A student leveling system was also introduced at the request of early members of the server, and took quite a bit of work to integrate smoothly with the initial interactions of the server (fostering engagement). The idea is that members of the server can interact in whatever way they choose, whether that be a passive or active role. Extremely active students are digitally rewarded by being moved up a level in the student leveling system, which gives them minor increases in access and abilities on the server in general, like gaining the ability to react to things or to use complex emojis or gifs. If the student simply spends time interacting with the server, not necessarily posting or replying, they are still actively working towards moving up in student level. We also understand that the bots can only maintain the server without human intervention so well. They sometimes mess up, or need a code update and so an actual person needs to step in and maintain the bot. We anticipate having a student moderator that can help maintain the entire server long-term. Ideally they would be in charge of the channels as well as student moderation (disrespectful students are actually getting removed, the leveling system is allocating members appropriately, etc).

Figure 2. The final server iteration with the #Welcome-and-rules channel displayed.

After further developing what we considered a solid first draft of the server, we had a handful of additional students (our users) verbally assess the functionality and give feedback. The major feedback manifested in the form of not knowing what the point of the server was, and not having explicit enough instructions to get started if they wanted to use it. After incorporating their feedback and editing the server to reflect the initial feedback, we invited an additional group of users to join the server and give feedback on the usefulness and minor details regarding the student leveling system and channel descriptions. We were able to incorporate their feedback by editing the channels themselves as well as adding significantly more text to better explain each feature of the server.

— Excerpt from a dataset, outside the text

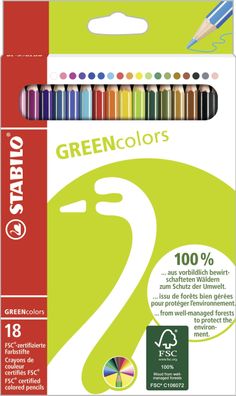 Stabilo® 6019/2-181 Buntstift GREENcolors, Kartonetui mit 18 Stiften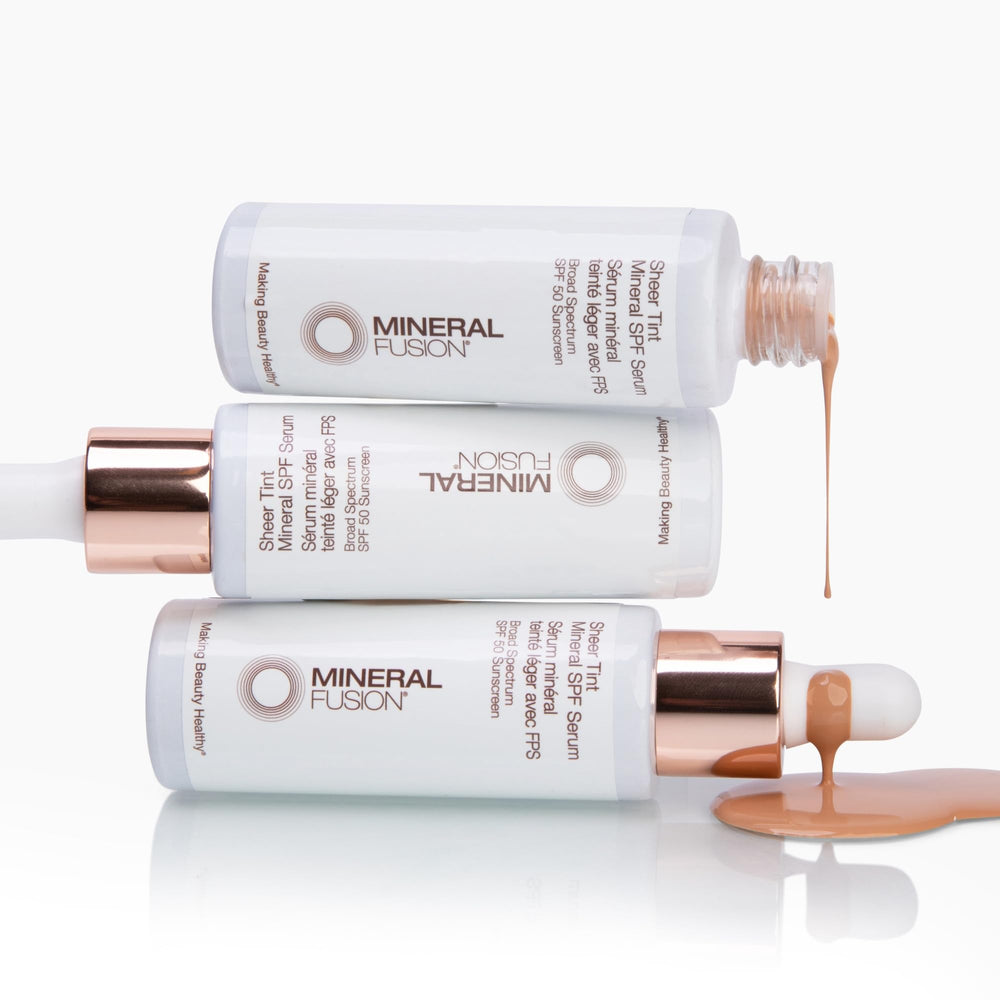 Mineral Fusion sun protection tint on skin for balanced glow.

There are already a few well distributed online resources for connecting students online. MoocLab is a “study buddy” website that matches students with potential virtual study buddies. It then provides them with a public zoom room for quiet studying together. StudyStream essentially does the same thing by simply providing the option to join an already open “study room” — which is simply a server on a public virtual video streaming platform — or to create their own room on a new server. This platform focuses more on the online space rather than specifically connecting you with other people. Both platforms lack a continuous chat functionality in which all students can not only message each other but keep track of those messages for all else to see. Even when new members join they are able to see the entire history of each channel currently available on the server. The Discord platform itself also allows screen sharing and video chat in addition to our set-up voice and text-based channels, proving that it is every bit as capable as the other available online connection options marketed for students.

Final feedback and thoughts on the project include questionable sustainability and the challenge of getting enough people on the server initially to have it be a “go to” place for students to overcome obstacles and seek help or advice. These concerns can be addressed by continuous cross-platform distribution of the invite link to the server, and potentially even a small website that can facilitate the invite link publicly so that when students google search for help, our server link pops up in response. Additionally, extra content and general interaction with the server will also encourage more engagement in a way that lets the members know that others are there to respond when something does come up and they want to reach out to others for help.